Writing By Hand
Today’s post is inspired by this article, about the benefits of writing by hand.
I have never stopped writing by hand, though I don’t do it consistently. I went to an academic high school, where there wasn’t a “secretarial” stream, and nobody learned typing. I do recall one far-seeing teacher who insisted that there would come a time in the not-too-distant future when we would all need to type, and he set up a voluntary typing class. Of course I didn’t want to lose any of my rare spare time at school, so I never attended it. Silly me!
As a result I’m a two or three finger typist — fast but not particularly accurate. And often I do all my writing on the computer. But whenever I’m a little bit stuck, or can’t decide how to approach a scene, or just need to feel out where I’m going in a book or have an idea not related to what I’m actually working on. I pull out a trusty notebook and write by hand.
In fact, I started my career as a writer when I was backpacking, and found my head spinning with stories. So I bought a notebook and started writing them down. I’d filled two whole notebooks by the time I got home.

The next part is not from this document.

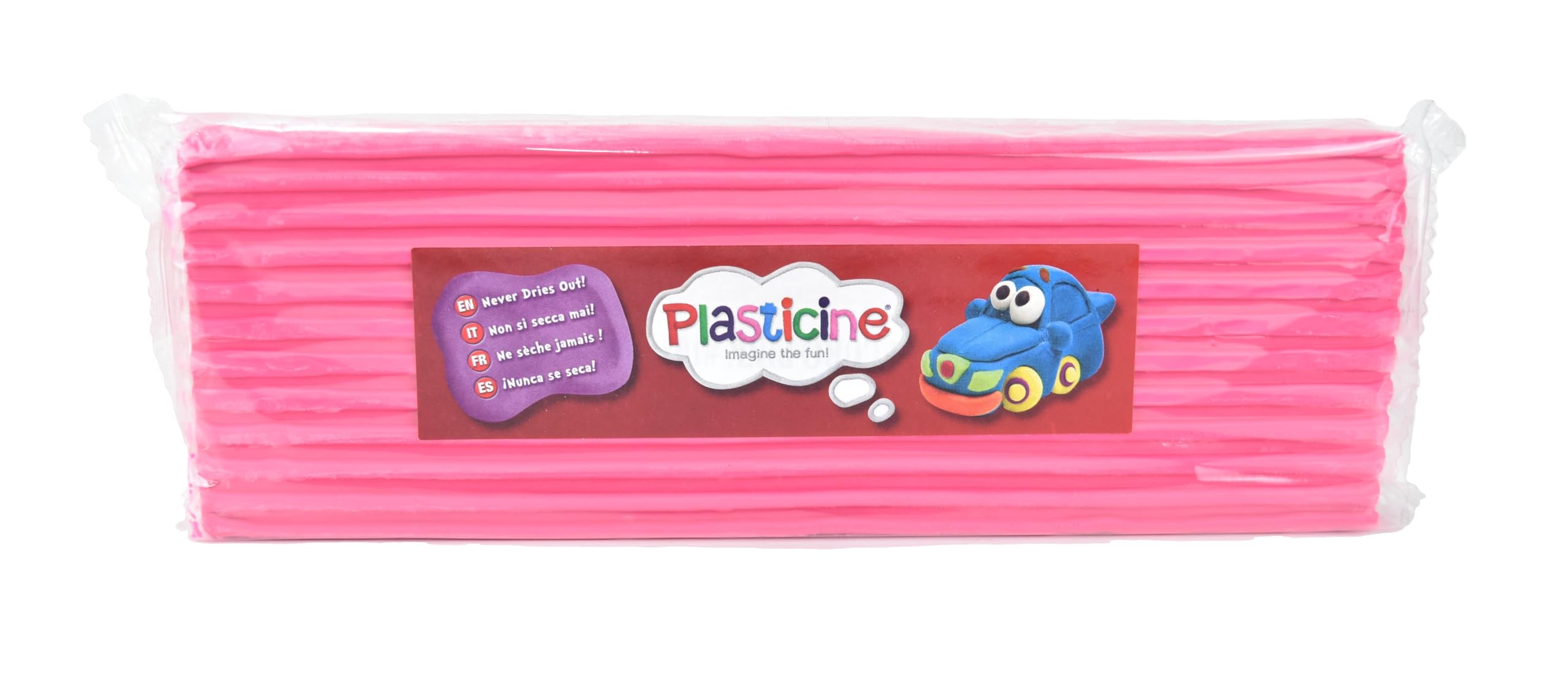 Plasticine 400g, Fluro Pink, Modelliermasse für Animatoren und Modellbauer, leicht zu formen, ideal für Skulpturen, Modelle und Stop-Motion
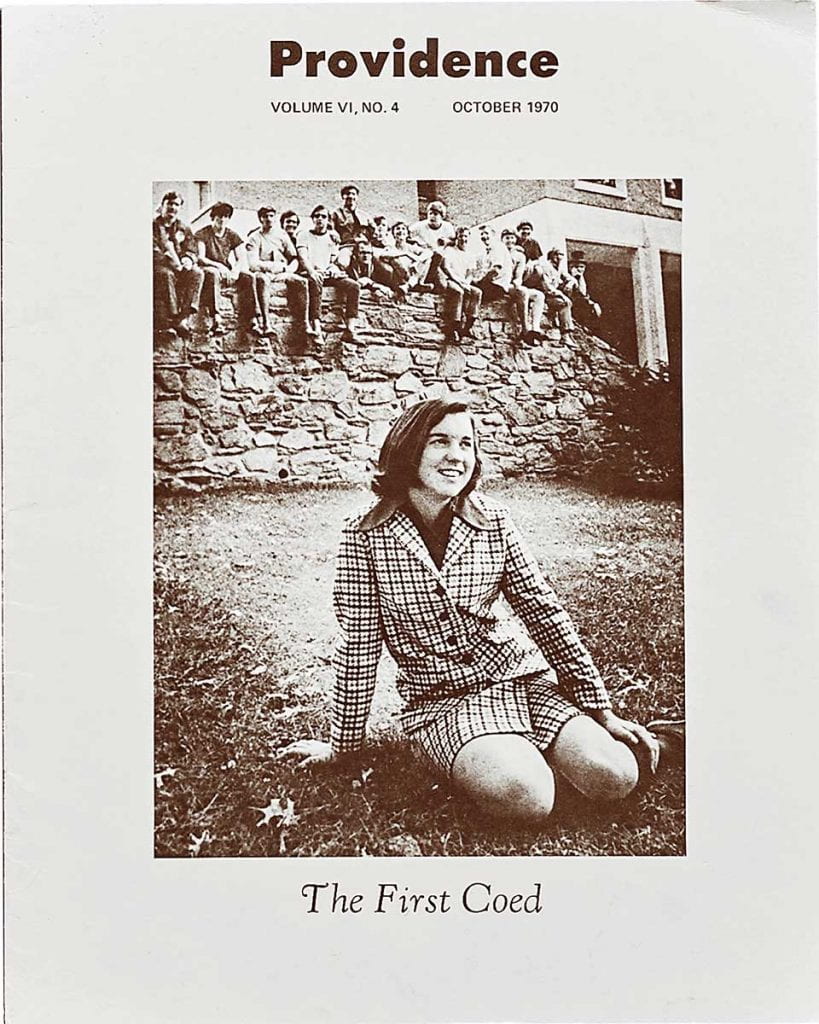 The cover of the October 1970 issue of Providence magazine. A paragraph inside explains: "Maureen A. Whelan of North Providence is the first coed to be accepted at Providence College. She is the daughter of the late Robert Whelan '50."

There were snatches of stories, story ideas, whole scenes, dialogue exchanges and a good chunk of a young adult novel.
None of those ever saw the light of day, but the writing had inspired me. And the notebooks were there to glance through and be reinspired. Later I bought my first computer, and started seriously trying to write. I found though, that putting the first draft of a scene onto a computer was slow and unsatisfactory — my typing contained lots of mistakes and they distracted me and got in the way of “the flow.”
There has been a lot of scientific investigation into what happens in the brain when you’re writing by hand or using a keyboard, and the results seem clear that the best, most creative results come from handwriting. The article I linked to above explains it. Whether or not that’s the case for people who’ve grown up using keyboards, I’m not so sure. But it absolutely works for me.
So I learned to write a scene by hand and then type it up. In the typing up process I also edited it. When writing a dialogue exchange, for instance, my pen would fly so quickly I would only scribble down the words that the characters actually said, and nothing about where they were, what they were doing or thinking or even who said what. So when I would go to type that scene up, I’d put in all that extra necessary stuff in, which is a kind of editing process.
I always have a notebook on the go, and have a new one ready for when I finish one. I use small sticky notes to mark where notes I keep notes for my current wip (work in progress). And I have kept all my notebooks, even the ones from that long ago backpacking trip. Just yesterday I pulled out an old notebook where I remembered I’d jotted down some ideas and scene stubs for a novella I started some years ago. That’s it at the top of the page. I remembered writing some scenes, but they weren’t in the computer file, so I knew they’d be in a notebook. And they were.
Fascinating inside …what a precious collection of handwritten notes
contributed to the books I so love ❤️
Thank you, Mem. I don’t know about my piles of notebooks being precious — they are, but only to me.
That is amazing! You have all those notebooks and you can remember having written a scene and find it!
Thanks, Priscilla — yes, writing something down helps fix it in my brain.
Like you my thoughts are better organized when I write things out. It is as though I can hear the words in my head. I used to write newspaper features. I would interview, take notes during the interview, write out from my notes and then I could submit on my computer. It sounds really involved, but the end result was always clean and sure and well done. In college, taking notes by hand made me remember the information much better. You have explained things beautifully.
Yes, Annette, that’s exactly how it works for me. I often will also list on the back of a business-sized envelope the things that need to be in a scene. It helps me clarify just how a scene should unfold.
Anne – I do type, but I’m not the touch typist my mother was. My first stories were scribbled on whatever paper I had to hand. One story was written on index cards at the ball park..I’ve worked out stories on graph paper. But actually, I wish I’d jotted down continually on the kind of notebooks that you used. I’m afraid some things have gotten lost along the way. I’m glad you’ve found your way back through your notebooks.
Binnie Syril, I think I started on bits of paper, but soon realized it was better to keep all the jottings in one place. I’ve also started to write an index of sorts listing the contents — I do it before I start a new notebook. I have so many now.